▶ **GIVEN RECORDS**:
----------------
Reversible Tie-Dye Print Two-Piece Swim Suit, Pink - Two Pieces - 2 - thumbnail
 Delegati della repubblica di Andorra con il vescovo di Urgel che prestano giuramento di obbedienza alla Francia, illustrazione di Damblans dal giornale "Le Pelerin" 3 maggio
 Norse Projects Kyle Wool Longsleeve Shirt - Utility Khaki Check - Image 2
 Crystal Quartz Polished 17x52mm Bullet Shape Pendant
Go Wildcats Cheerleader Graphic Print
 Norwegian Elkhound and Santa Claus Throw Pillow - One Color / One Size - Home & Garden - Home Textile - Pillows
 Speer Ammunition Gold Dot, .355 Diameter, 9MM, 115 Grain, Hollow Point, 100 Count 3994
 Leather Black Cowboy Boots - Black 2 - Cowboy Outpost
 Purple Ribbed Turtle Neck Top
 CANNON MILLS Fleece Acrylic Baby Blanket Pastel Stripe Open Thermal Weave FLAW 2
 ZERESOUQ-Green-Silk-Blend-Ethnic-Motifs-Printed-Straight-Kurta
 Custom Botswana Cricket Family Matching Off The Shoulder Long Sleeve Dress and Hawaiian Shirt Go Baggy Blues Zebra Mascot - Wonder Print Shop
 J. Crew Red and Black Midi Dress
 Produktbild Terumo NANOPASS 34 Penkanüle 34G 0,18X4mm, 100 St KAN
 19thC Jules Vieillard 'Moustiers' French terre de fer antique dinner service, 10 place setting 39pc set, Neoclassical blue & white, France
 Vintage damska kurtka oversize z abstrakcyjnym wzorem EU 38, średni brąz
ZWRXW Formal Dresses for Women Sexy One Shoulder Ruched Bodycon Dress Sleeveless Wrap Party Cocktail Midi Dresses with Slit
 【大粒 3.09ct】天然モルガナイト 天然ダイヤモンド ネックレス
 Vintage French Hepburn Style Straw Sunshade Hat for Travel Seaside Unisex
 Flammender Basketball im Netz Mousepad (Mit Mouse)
----------------
▶ **REQUIREMENT**: What is needed here is an exact reproduction of all the entries.

▶ **ANSWER SPACE**:
Reversible Tie-Dye Print Two-Piece Swim Suit, Pink - Two Pieces - 2 - thumbnail
 Delegati della repubblica di Andorra con il vescovo di Urgel che prestano giuramento di obbedienza alla Francia, illustrazione di Damblans dal giornale "Le Pelerin" 3 maggio
 Norse Projects Kyle Wool Longsleeve Shirt - Utility Khaki Check - Image 2
 Crystal Quartz Polished 17x52mm Bullet Shape Pendant
Go Wildcats Cheerleader Graphic Print
 Norwegian Elkhound and Santa Claus Throw Pillow - One Color / One Size - Home & Garden - Home Textile - Pillows
 Speer Ammunition Gold Dot, .355 Diameter, 9MM, 115 Grain, Hollow Point, 100 Count 3994
 Leather Black Cowboy Boots - Black 2 - Cowboy Outpost
 Purple Ribbed Turtle Neck Top
 CANNON MILLS Fleece Acrylic Baby Blanket Pastel Stripe Open Thermal Weave FLAW 2
 ZERESOUQ-Green-Silk-Blend-Ethnic-Motifs-Printed-Straight-Kurta
 Custom Botswana Cricket Family Matching Off The Shoulder Long Sleeve Dress and Hawaiian Shirt Go Baggy Blues Zebra Mascot - Wonder Print Shop
 J. Crew Red and Black Midi Dress
 Produktbild Terumo NANOPASS 34 Penkanüle 34G 0,18X4mm, 100 St KAN
 19thC Jules Vieillard 'Moustiers' French terre de fer antique dinner service, 10 place setting 39pc set, Neoclassical blue & white, France
 Vintage damska kurtka oversize z abstrakcyjnym wzorem EU 38, średni brąz
ZWRXW Formal Dresses for Women Sexy One Shoulder Ruched Bodycon Dress Sleeveless Wrap Party Cocktail Midi Dresses with Slit
 【大粒 3.09ct】天然モルガナイト 天然ダイヤモンド ネックレス
 Vintage French Hepburn Style Straw Sunshade Hat for Travel Seaside Unisex
 Flammender Basketball im Netz Mousepad (Mit Mouse)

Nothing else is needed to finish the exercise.